Flow Along the K-Amplitude for Generative Modeling (2504.19353v1)

Abstract: In this work, we propose a novel generative learning paradigm, K-Flow, an algorithm that flows along the $K$-amplitude. Here, $k$ is a scaling parameter that organizes frequency bands (or projected coefficients), and amplitude describes the norm of such projected coefficients. By incorporating the $K$-amplitude decomposition, K-Flow enables flow matching across the scaling parameter as time. We discuss three venues and six properties of K-Flow, from theoretical foundations, energy and temporal dynamics, and practical applications, respectively. Specifically, from the practical usage perspective, K-Flow allows steerable generation by controlling the information at different scales. To demonstrate the effectiveness of K-Flow, we conduct experiments on unconditional image generation, class-conditional image generation, and molecule assembly generation. Additionally, we conduct three ablation studies to demonstrate how K-Flow steers scaling parameter to effectively control the resolution of image generation.

Flow Along the $K$-Amplitude for Generative Modeling

The paper introduces a novel generative modeling approach termed "K-Flow" based on flow matching techniques. This method leverages the $K$-amplitude space, where $k$ serves as a scaling parameter organizing frequency bands or projected coefficients, and the amplitude denotes the norm of these projected coefficients. By decomposing data into $K$-amplitude components, K-Flow proposes to perform flow matching across multiple scales, drawing inspiration from continuous normalizing flows and diffusion processes.

Key Concepts and Methodology

In the K-Flow framework, the scaling parameter $k$ and amplitude are central to modeling the inherent hierarchical structure of data. The $K$-amplitude decomposition is explored through three transformations: Fourier, Wavelet, and PCA. The approach involves projecting data into the $K$-amplitude space, learning a time-dependent velocity field in this space, and mapping it back to the spatial domain for generative processes. The methodology is augmented by intra-scaling interpolation, allowing the model to operate over continuous scaling parameters—a feature that distinguishes K-Flow from other flow-based models.
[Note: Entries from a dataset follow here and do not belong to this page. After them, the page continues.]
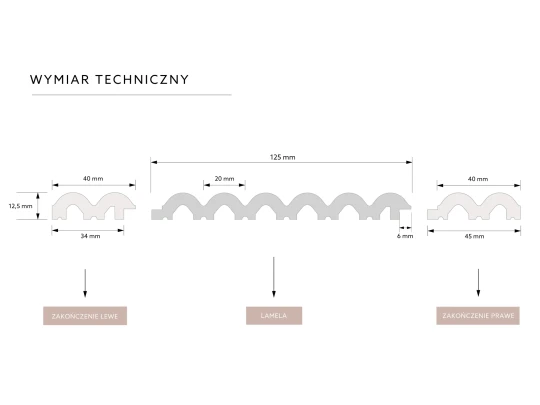 Zakończenie Lamelli Sereno L0401L lewe białe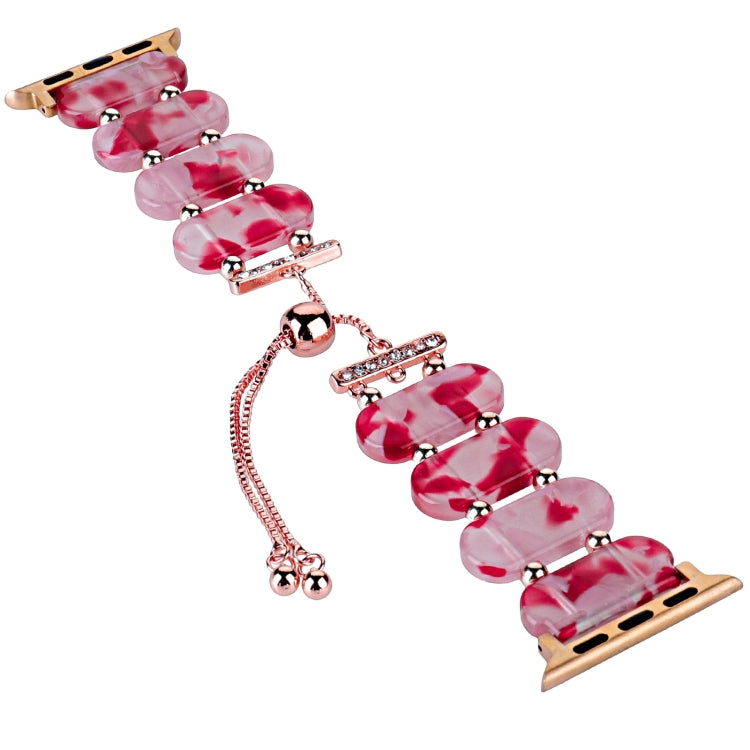 For Apple Watch SE 44mm Resin Retractable Chain Watch Band(Rose Red) - Watch Bands by PMC TechLife | Online Shopping South Africa | PMC TechLife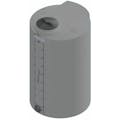 100 Gallon Dark Gray MDLPE ProChem® Potable Water Tank (1.0 Specific Gravity) with Top & Bottom Port & 8" Lid - 27" Dia. x 47-3/4" Hgt.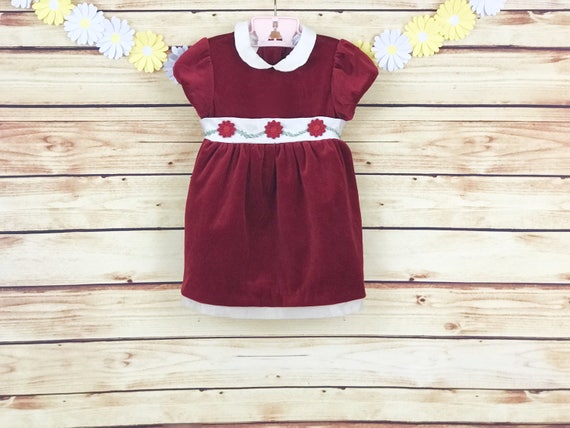 Vintage 1980's Little Bitty Girls Red Holiday Dre… - image 1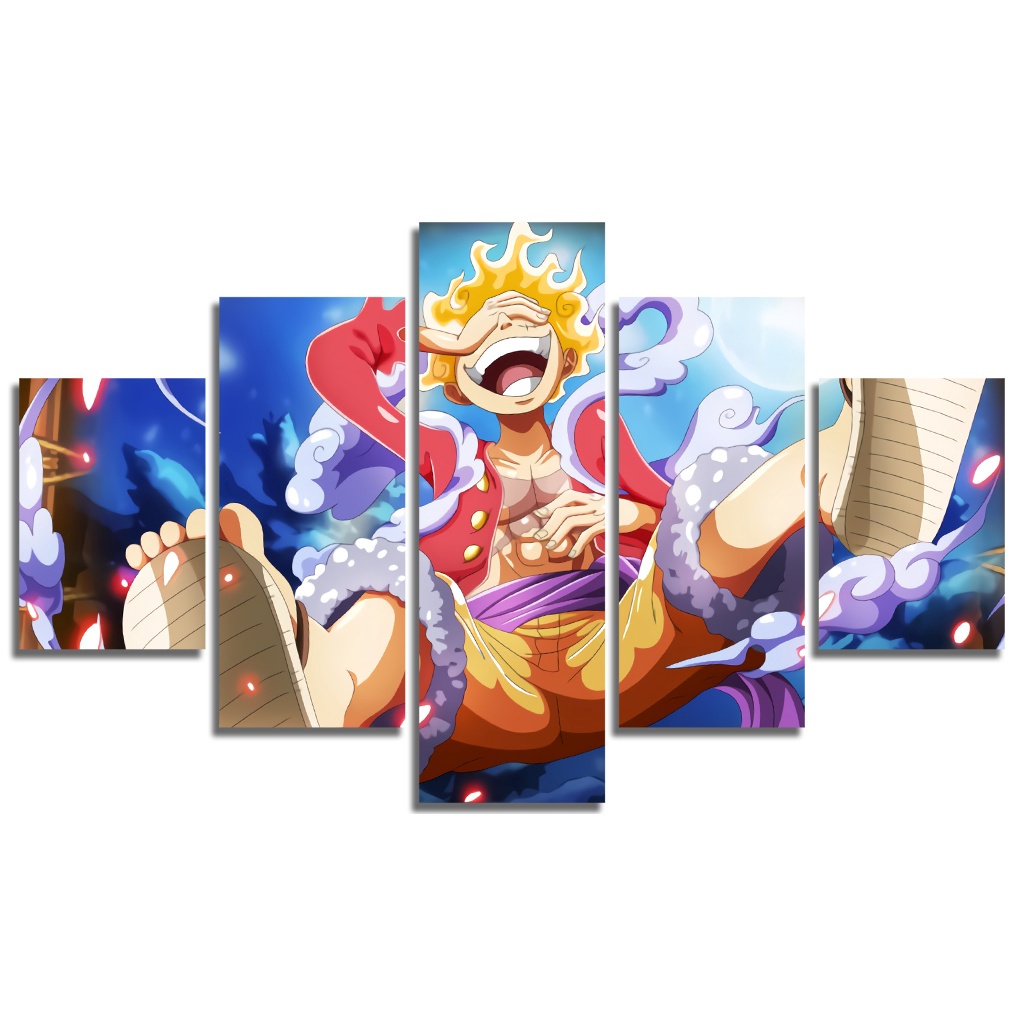 Quadro Decorativo Mosaico One Piece Luffy Gear Modo Nika God Deus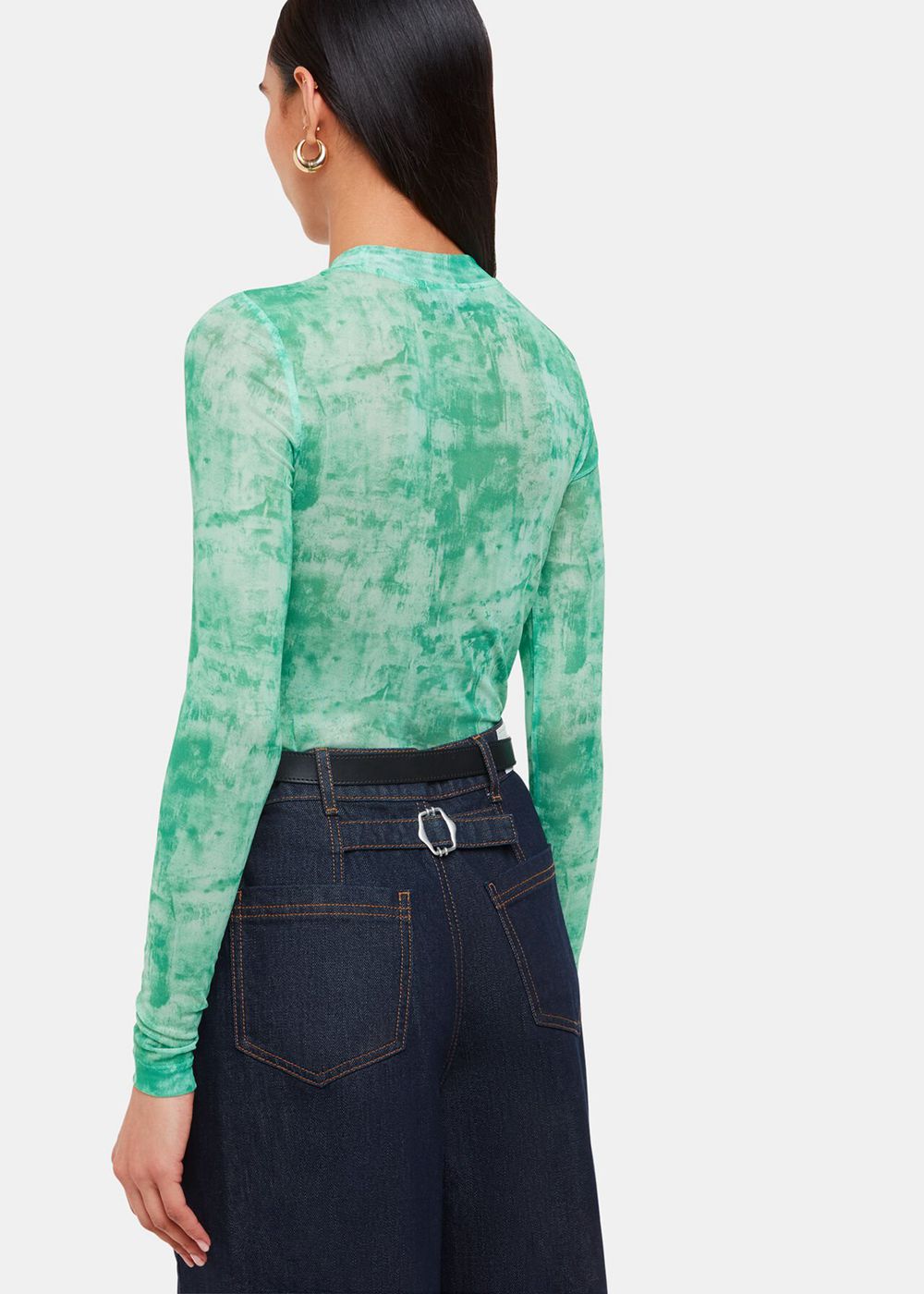 Whistles Brushwork Print Mesh Jersey Top Green / Multicolor | US-79863GWEX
The paper postulates six properties of K-Flow, highlighting its ability to organize scaling parameters, enable multi-scale modeling, support explicit notions of energy, reinterpret scaling as a function of time, fuse intra- and inter-scaling modeling, and provide explicit steerability in generative outputs.

Experimental Results

The paper demonstrates the effectiveness of K-Flow in unconditional image generation tasks on datasets like CelebA-HQ and LSUN Church, as well as class-conditioned generation on ImageNet. Quantitatively, K-Flow showcases competitive results, particularly in generating high-fidelity output with controlled attributes. Furthermore, K-Flow exhibits steerability, allowing fine-grained control over different scaling resolutions in generated images—a distinct advantage over more traditional generative models.

In molecular assembly tasks, K-Flow advances the state-of-the-art by utilizing spectral methods to decompose pairwise molecular distances, thereby enhancing packing matching performance.

Implications and Future Directions

K-Flow represents a sophisticated approach to generative modeling, with potential applications across multi-modal generation tasks, such as text-guided image creation, and scientific discovery domains. Its theoretical foundation opens avenues for integrating energy-based modeling within the generative process, a promising direction for further exploration. The adaptability of K-Flow to various neural architectures underscores its potential to become a pivotal framework, influencing future developments in AI generative methodologies.

Overall, K-Flow offers a robust framework for generative tasks, characterized by its innovative use of the $K$-amplitude space for multi-scale modeling, paving the way for more controllable and interpretable generative AI systems.